The collateral for the transaction consists of 31 recently originated (or soon to be originated) floating-rate mortgages secured by 35 transitional commercial real estate properties totaling $347.4 million. The loans are secured by current cash flowing assets, most of which are in a period of transition, with plans to stabilize and improve the asset value. Two loans, representing 12.4% of the pool, have a future funding component. As of the cut-off date, the aggregate remaining future funding participations totaled $9.6 million and ranged from $2.6 million to $7.0 million. The vast majority of these future funding participations will be utilized by the borrowers to fund property renovations and cover leasing costs.
The floating-rate mortgages were analyzed to determine the probability of loan default over the term of the loan and its refinance risk at maturity, based on a fully extended loan term. Because of the floating-rate nature of the loans, the index (one-month LIBOR) was modeled at the lower of a DBRS stressed rate that corresponded to the remaining fully extended term of the loans and the strike price of the interest rate cap, with the respective contractual loan spread added to determine a stressed interest rate over the loan term. When the cut-off balances were measured against the DBRS In-Place net cash flow (NCF) and their respective stressed constants, there were 24 loans, representing 78.7% of the pool, with term debt service coverage ratios (DSCR) below 1.15 times (x), a threshold indicative of a higher likelihood of term default. Additionally, to assess refinance risk, DBRS applied its refinance constants to the balloon amounts, resulting in 19 loans, or 64.1% of the loans, having refinance DSCRs below 1.00x relative to the DBRS stabilized NCF. The properties are often transitioning, with potential upside in the cash flow; however, DBRS does not give full credit to the stabilization if there are no holdbacks or if other loan structural features in place were insufficient to support such treatment. Furthermore, even with structure provided, DBRS generally does not assume the assets to stabilize above market levels.

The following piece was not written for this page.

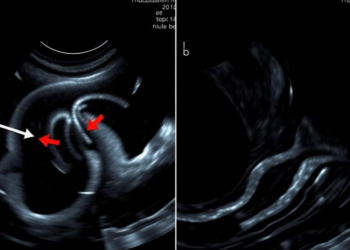 Ultrasound Strain Imaging Spots Hidden Heart Iron in Thalassemia Children Before MRI Can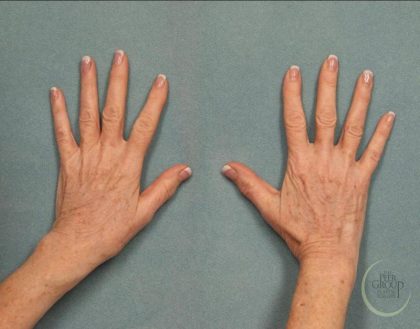 Fat Transfer Body Before & After Patient #9176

One loan, Vista Shops, representing a total of 2.6% of the pool, has not closed as of the publication date of the DBRS rating report and may not close prior to the closing of this transaction. If the loan does not close prior to the closing date, a deposit will be made to the unused proceeds account in an amount equal to the expected initial principal balance of the loan. To the extent that this loan is not purchased within 90 days of securitization closing, the unused proceeds will pay down the Notes in an amount necessary to cause the credit enhancement level for each class to equal the targeted credit enhancement, with all remaining proceeds distributed to the preferred shares. DBRS believes that the increase in subordination from the current levels to the adjusted levels appropriately accounts for the possible deterioration in both credit quality and diversity profile if the loan does not close within 90 days of securitization.
The DBRS rating addresses the likelihood of timely receipt of interest with contemplation of deferral as allowed for in the transaction documents and the ultimate payment of principal and interest (including any previously deferred) by the DBRS Rated Final Payment Date, defined as January 2031. The ratings assigned to the Notes by DBRS are based exclusively on the credit provided by the transaction structure and underlying trust assets. The Notes will be subject to ongoing surveillance, which could result in upgrades or downgrades by DBRS after the date of issuance.
Notes:
All figures are in U.S. dollars unless otherwise noted.
The applicable methodology is North American CMBS Rating Methodology, which can be found on our website under Methodologies.
With regard to due diligence services, DBRS was provided with the Form ABS Due Diligence-15E (Form-15E), which contains the description of the information that the third party reviewed in conducting the due diligence services and a summary of the findings and conclusions. While DBRS did not require due diligence services outlined in Form-15E, DBRS did use the Data File outlined in the Independent Accountant’s Report in its analysis to determine the ratings.
This rating is endorsed by DBRS Ratings Limited for use in the European Union.